WHAT YOU HAVE TO DO: Would you print the listing that follows exactly, but without its pictures?

RECORDS TO PROCESS:

************

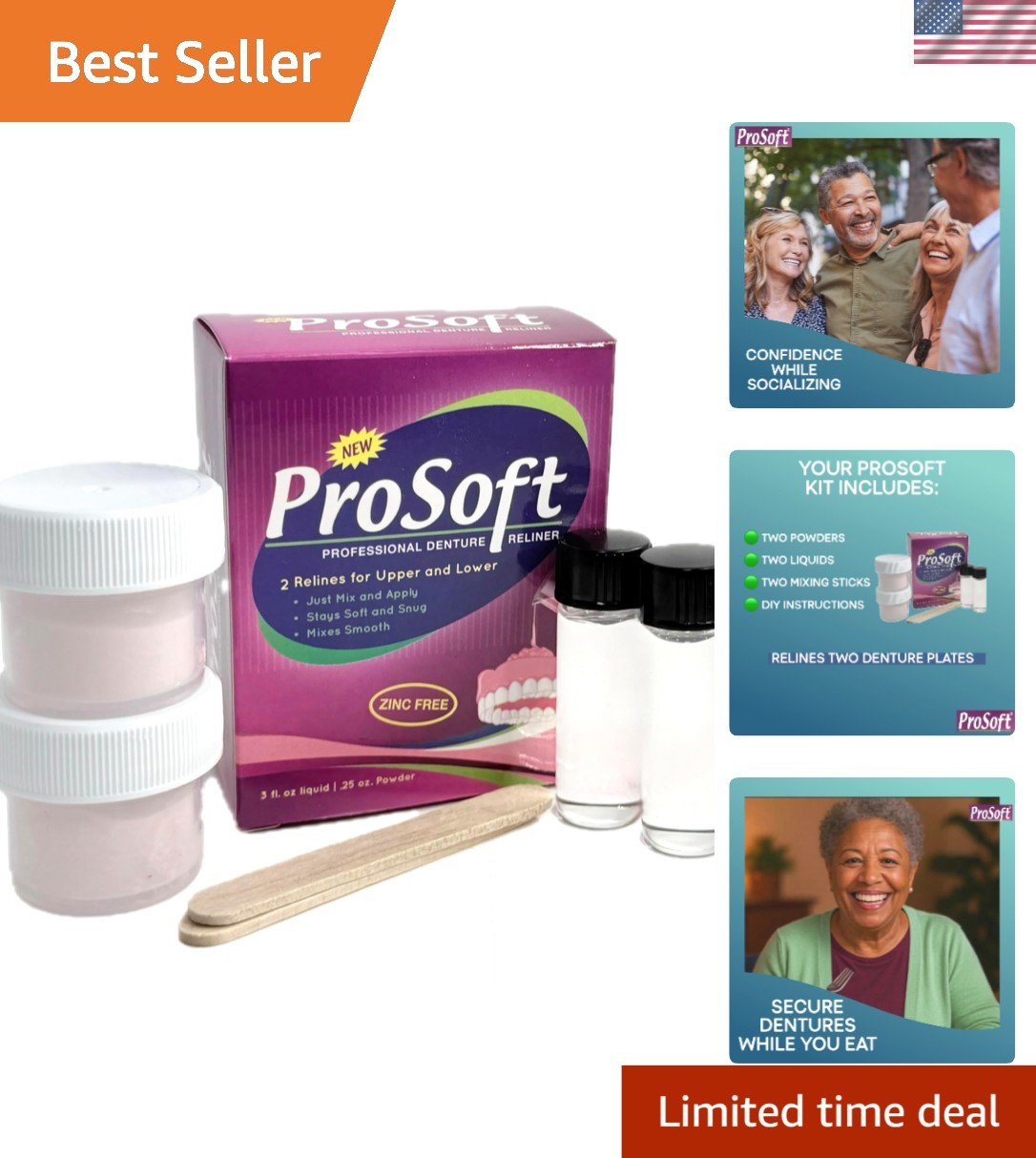ProSoft Denture Reliner-Relines 2 Denture Plates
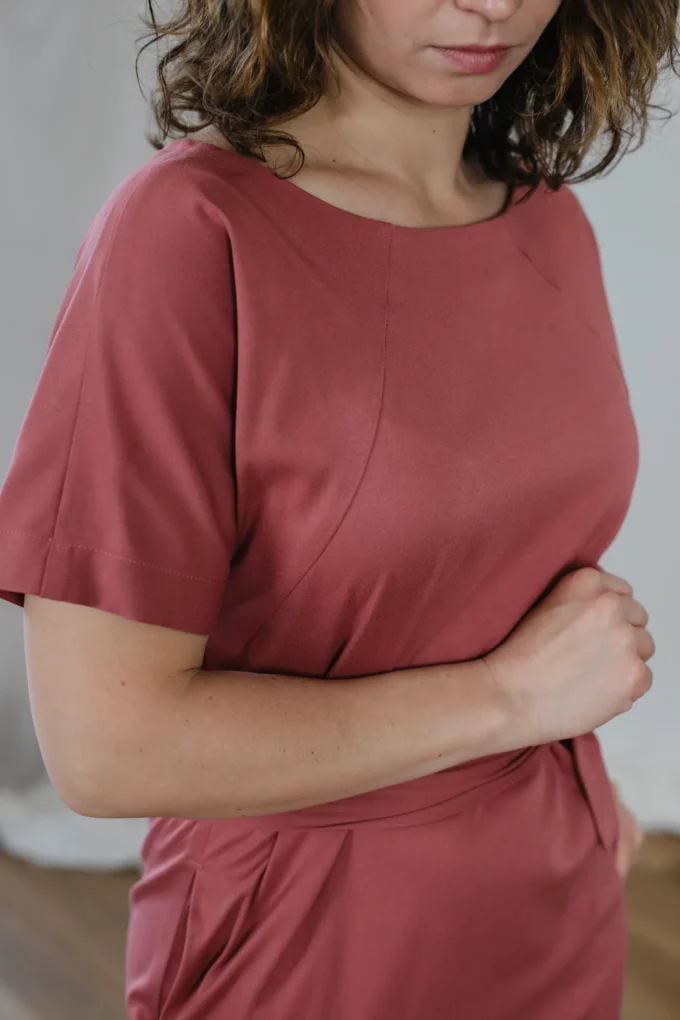Sukienka Emma wiskoza marsala dusty pink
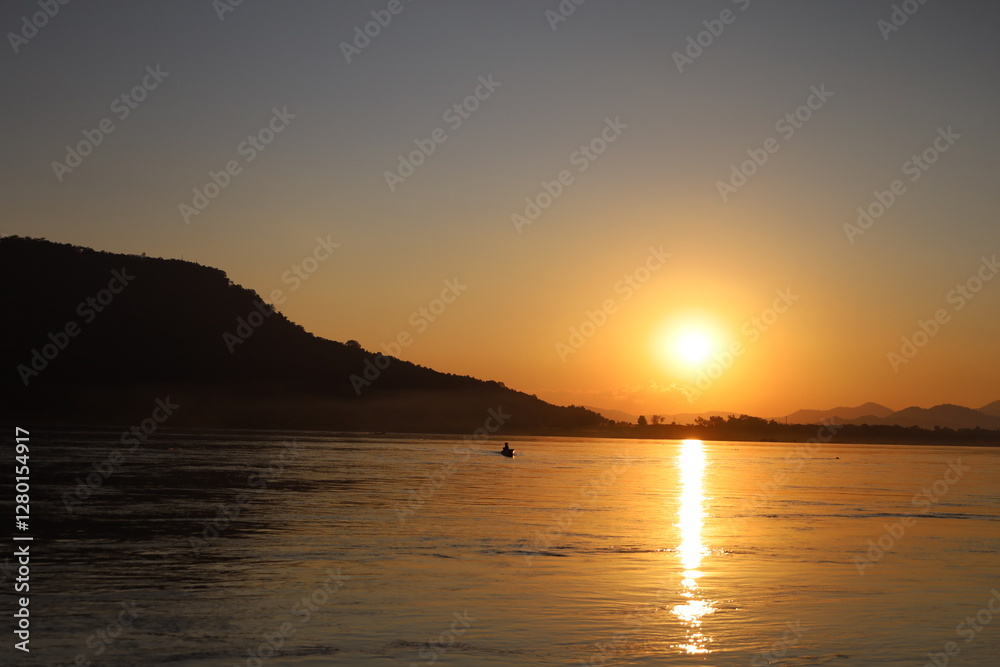 Golden Mekong Sunset in Sangthong District Vientiane Laos Golden Mekong Sunset in Sangthong District Vientiane Laos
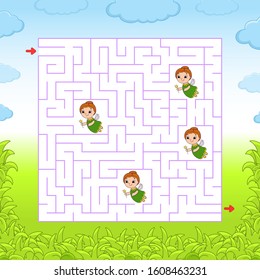 Square maze. Game for kids. Puzzle for children. Labyrinth conundrum. Color vector illustration. Find the right path. Isolated vector illustration. Cartoon character.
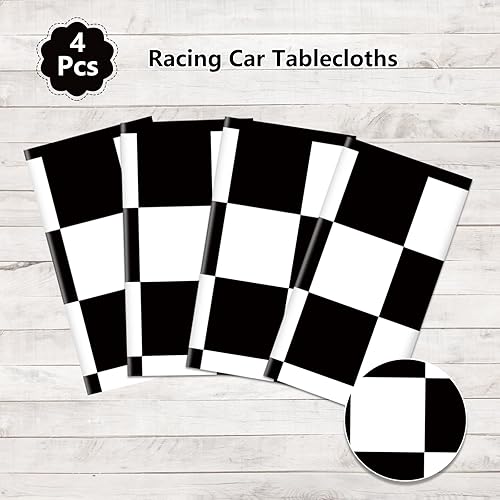Miniatura 3 de 4 manteles de automóvil de carreras, suministros de fiesta de cumpleaños para cumpleaños de niños, decoración de mesa de plástico negro para fiesta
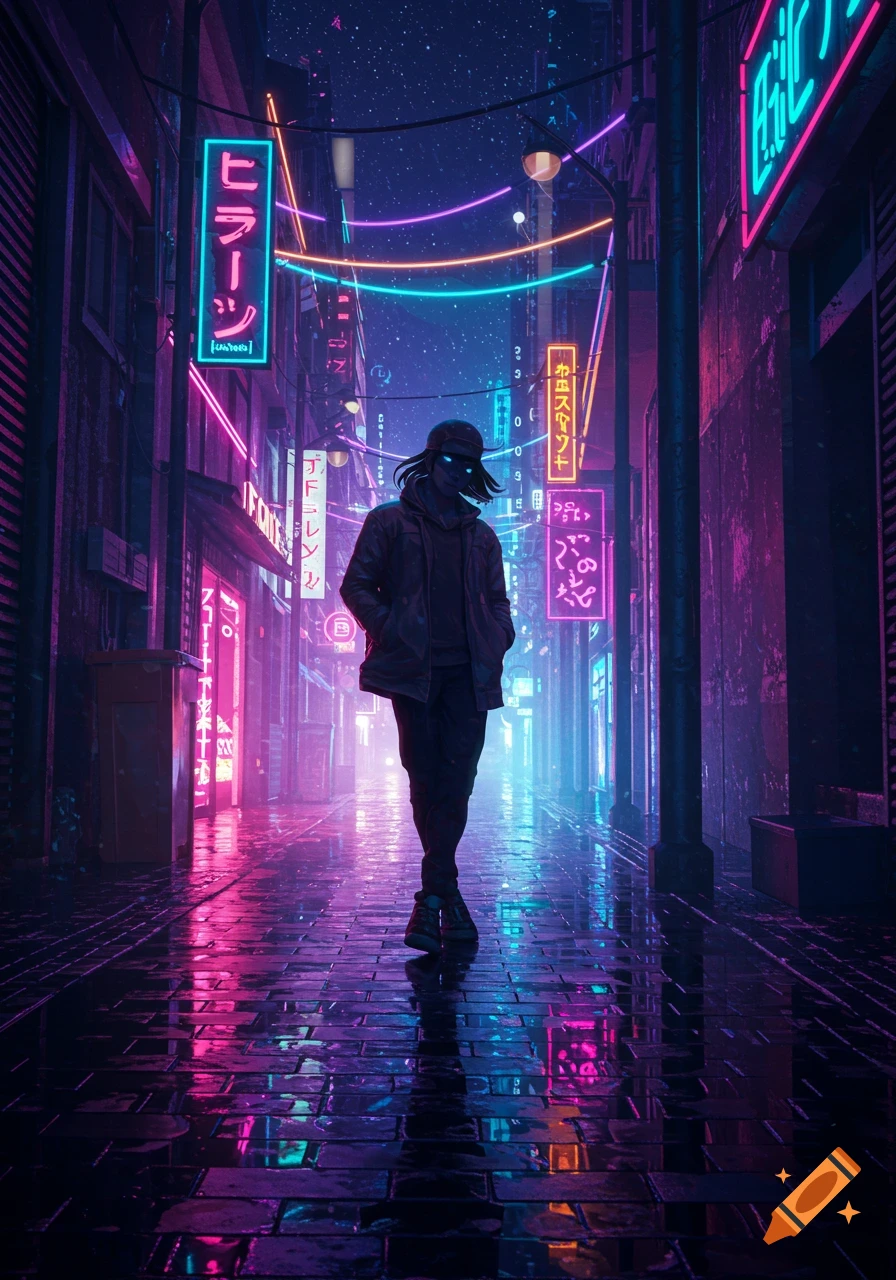 A solitary figure with glowing blue eyes and a dark jacket walks down a wet cyberpunk street at night, illuminated by vibrant pink and blue neon signs reflecting on the pavement.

************

SOLUTION FOR THIS PROBLEM:
ProSoft Denture Reliner-Relines 2 Denture Plates
Sukienka Emma wiskoza marsala dusty pink
 Golden Mekong Sunset in Sangthong District Vientiane Laos Golden Mekong Sunset in Sangthong District Vientiane Laos
 Square maze. Game for kids. Puzzle for children. Labyrinth conundrum. Color vector illustration. Find the right path. Isolated vector illustration. Cartoon character.
Miniatura 3 de 4 manteles de automóvil de carreras, suministros de fiesta de cumpleaños para cumpleaños de niños, decoración de mesa de plástico negro para fiesta
 A solitary figure with glowing blue eyes and a dark jacket walks down a wet cyberpunk street at night, illuminated by vibrant pink and blue neon signs reflecting on the pavement.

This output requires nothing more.